Tibet rights groups urge Nepal to hand over 23 Tibetans to UNHCR

A file photo shows a Tibetan woman being dragged away by Nepalese police after throwing herself in front of a bus of carrying Tibetan deportees to the border with Chinese-occupied Tibet, in Kathmandu,

 

DHARAMSHALA September 21: Exile rights groups -- International Campaign for Tibet (ICT), Tibetan Youth Congress (TYC) and Students for Free Tibet (SFT) -- have urged the Nepal government to release 23 Tibetans detained earlier for “illegally crossing” into the country. 

Nepalese police arrested 20 Tibetans on September 11 from Bajura district, western Nepal and 3 Tibetans on September 13 from Barabise, Sindupalchowk district, north-central Nepal. However, Nepal delayed their release to UN High Commissioner for Refugees (UNHCR) under pressure from China, according to sources.

"The group of Tibetans has not been turned over by Nepalese authorities to the UN refugee agency, as per established protocols," said the rights groups.

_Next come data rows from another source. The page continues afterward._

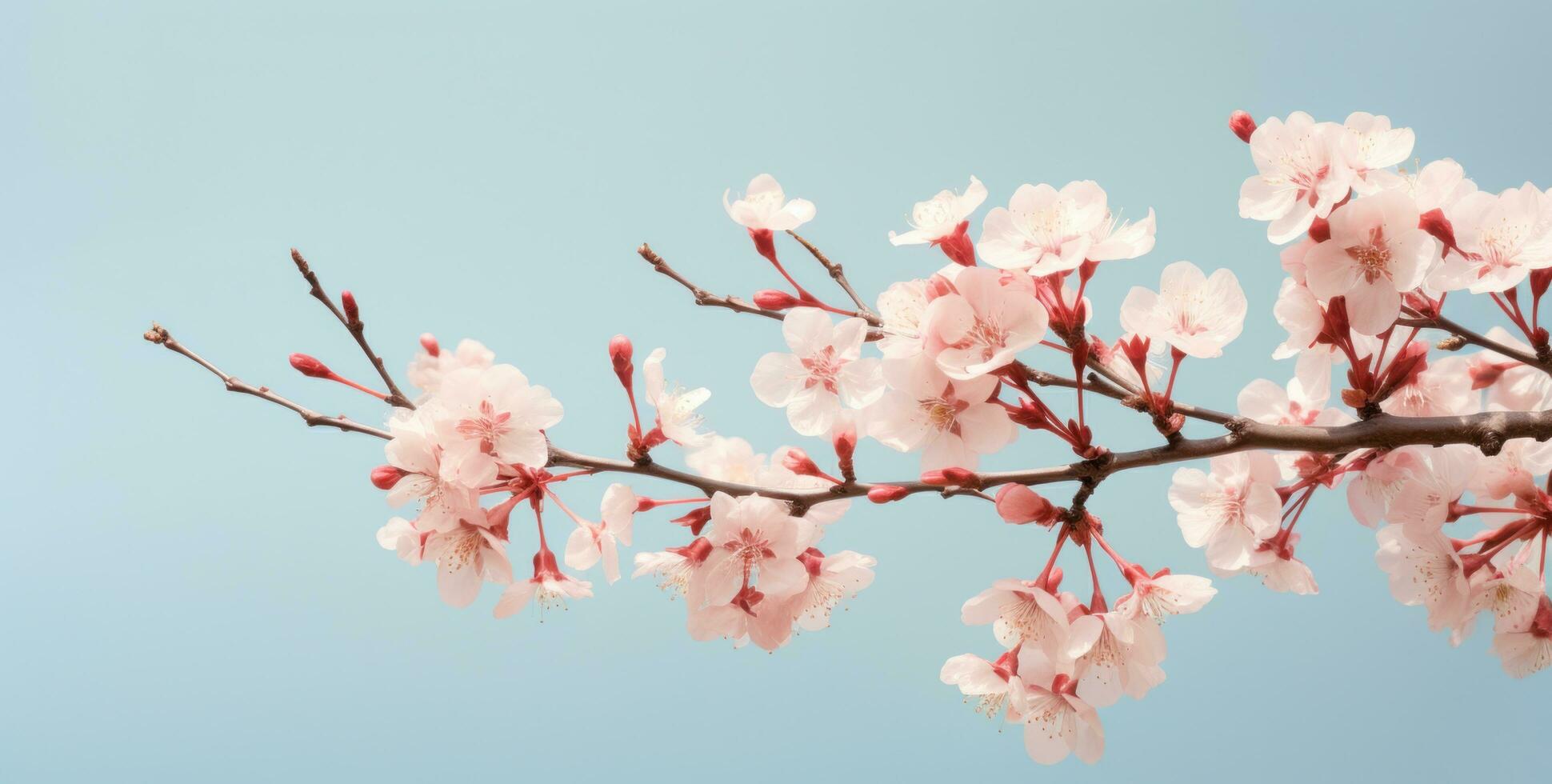 AI generated spring flowers and buds on a cherry tree against a sky blue background, photo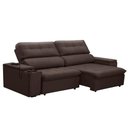 Ver imagem 2 de Kit Sofá Genebra 3 Lugares com Rack Painel New Oscar Café/buriti/fendi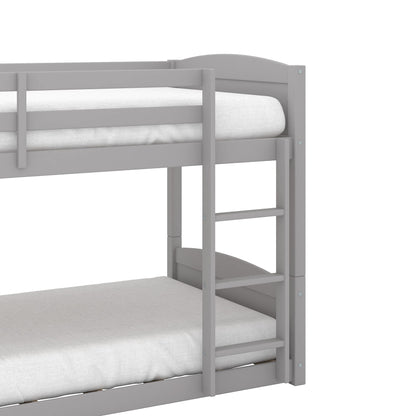 Hillsdale Alexis Contemporary Wood Arch Twin Over Twin Floor Bunk Bed with Slats, Gray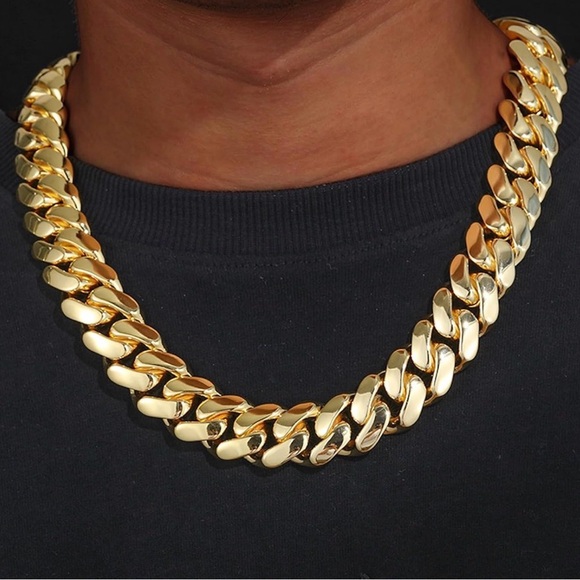 14K Gold-Plated Cuban Link Chain with Iced Box Clasp – 24” Length, 14mm Width - Picture 5 of 5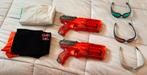 2x Nerf N-Strike Elite Strongarm Red Zombie + vesten brillen, Ophalen of Verzenden, Zo goed als nieuw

The rights groups also allege that the Chinese Embassy in Kathmandu has written to Nepal government demanding that the Tibetans be released into Chinese custody for return to Tibet.

"The Chinese embassy’s menacing interference into the case of these 23 Tibetans represents an escalation in China’s attempts to undermine existing protocols for the protection of Tibetan refugees in Nepal," said ICT president, Mary Beth Markey. 

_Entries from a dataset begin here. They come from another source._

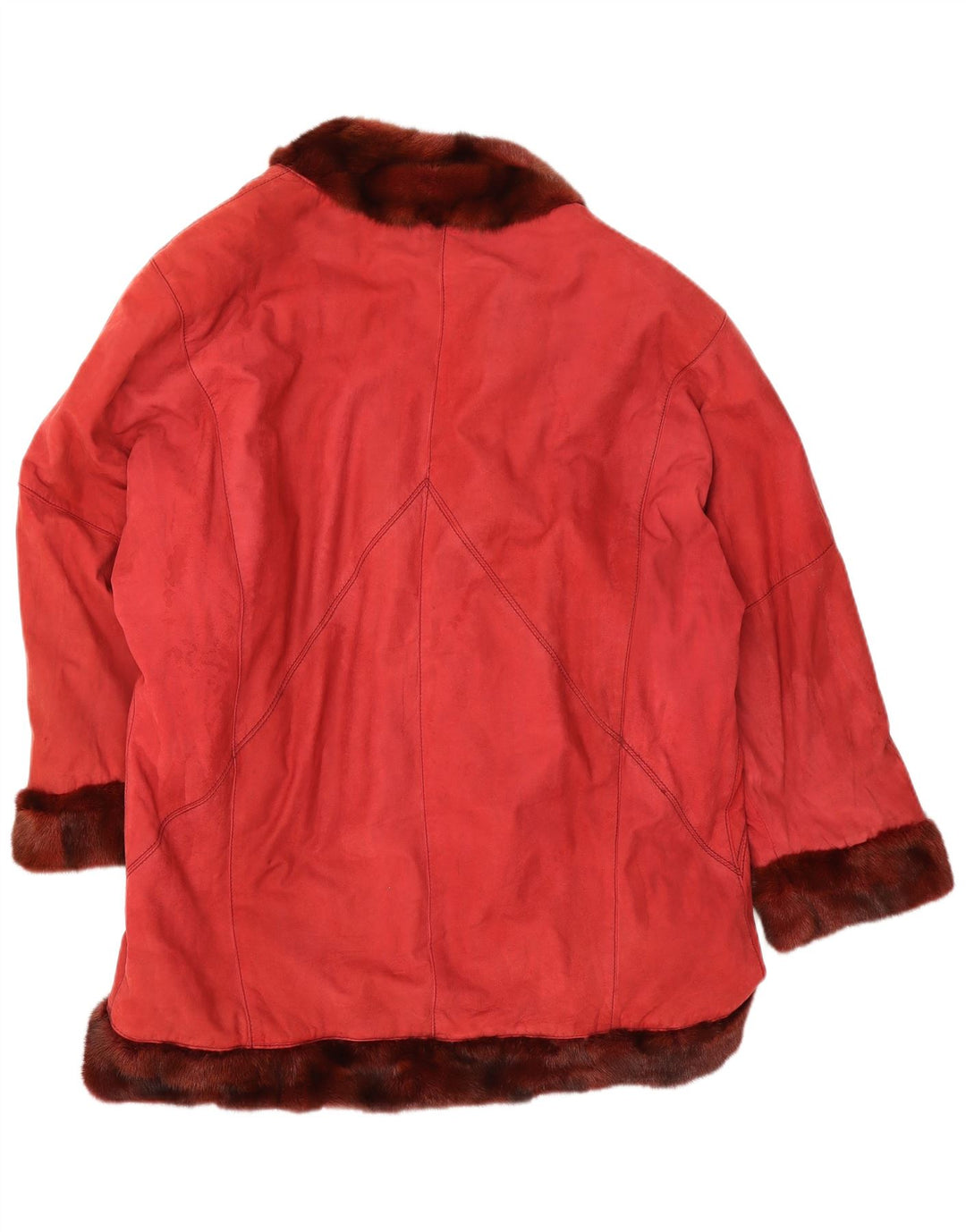 VINTAGE Damen Übergroßer offener Wildledermantel IT 44 Mittelrotes Leder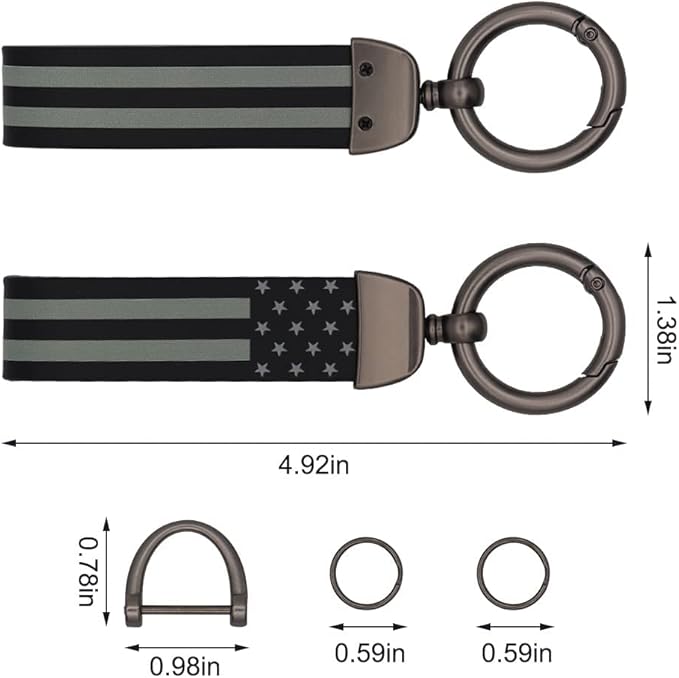 Elegananccy American USA Flag Car Keychain with Zinc Alloy Ring, Men Car Accessories
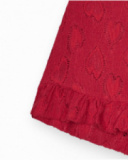Jupe-short pour fille en rouge avec taille élastique et volants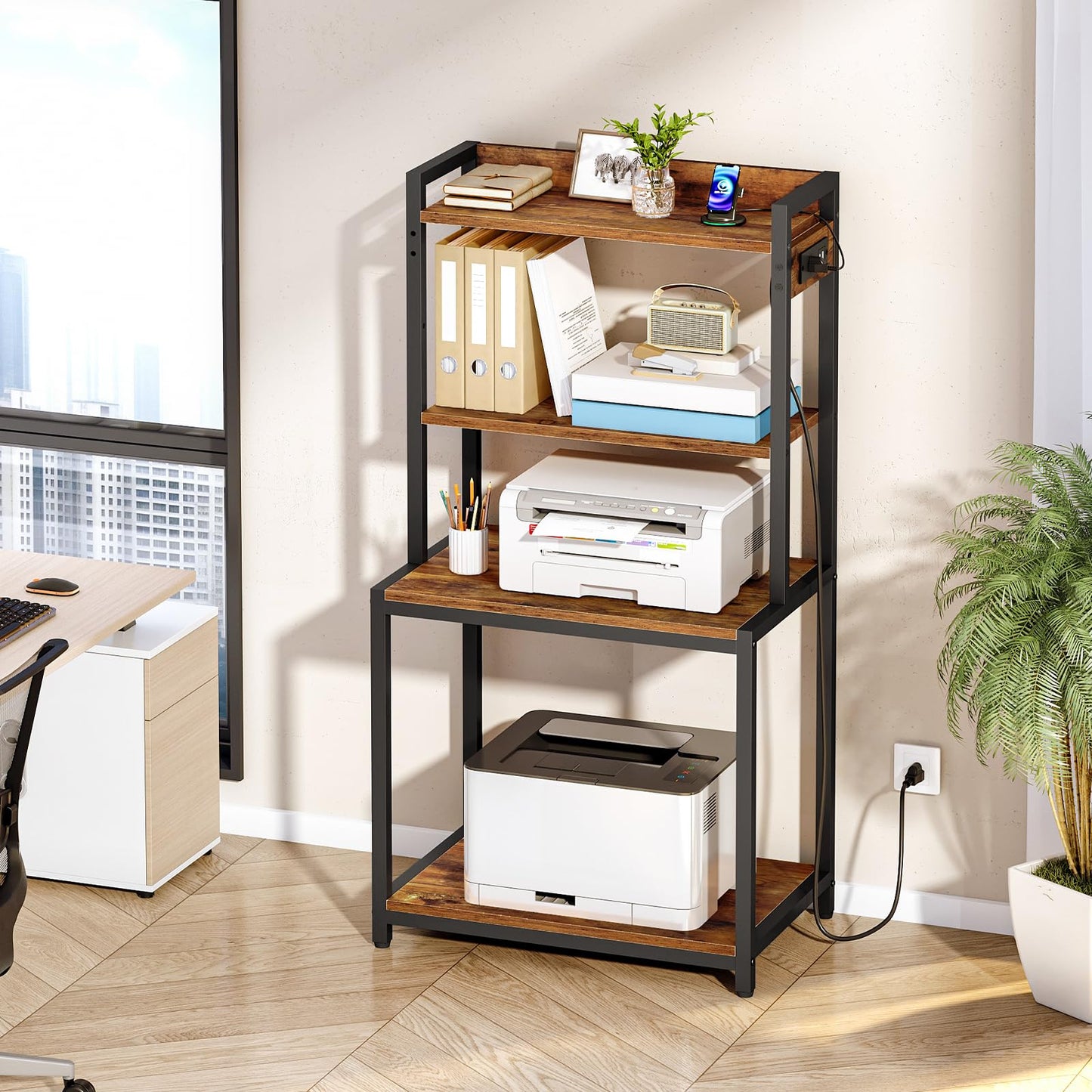 HOOBRO 4-Tier Storage Shelf Printer Stand with Charging Station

The Tibetan Youth Congress expressed fear that the 23 refugees of which 20 are juveniles might be turned into Chinese hands any day.

Under the established ‘Gentlemen’s Agreement’ between the Nepal government and the UNHCR, Tibetans who enter Nepalese territory from Tibet are to be given over to the care of the UNHCR and expeditiously allowed to travel onward to India. 

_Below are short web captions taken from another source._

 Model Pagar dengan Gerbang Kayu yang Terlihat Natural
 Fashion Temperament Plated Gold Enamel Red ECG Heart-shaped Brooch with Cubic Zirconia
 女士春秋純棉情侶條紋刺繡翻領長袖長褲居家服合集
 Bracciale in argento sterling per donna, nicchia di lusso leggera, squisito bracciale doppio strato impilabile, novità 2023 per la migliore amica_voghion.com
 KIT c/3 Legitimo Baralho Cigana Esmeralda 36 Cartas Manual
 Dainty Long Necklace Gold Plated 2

Students for free Tibet (SFT) has written to the prime minister of Nepal, Dr Baburam Bhattarai, currently in New York to attend the UN General Assembly, urging his country to respect the U.N. Torture Convention, which bans to the forcible return of a refugee to a country where there is a credible fear that torture could be employed.

"These Tibetans are trying to escape from the Chinese torture in Tibet, so if they are returned back to Tibet, then the Nepal government is violating the UN Torture Convention," said Tenzin Jigdal. 

Nepal violated the "Gentlemen's Agreement" with the UN High Commissioner for Refugees (UNHCR) and contravened its obligations under international law by forcibly returning three Tibetan refugees to Chinese border police in June 2010. It was the first confirmed case of the refoulement of Tibetan refugees from Nepal since May 2003.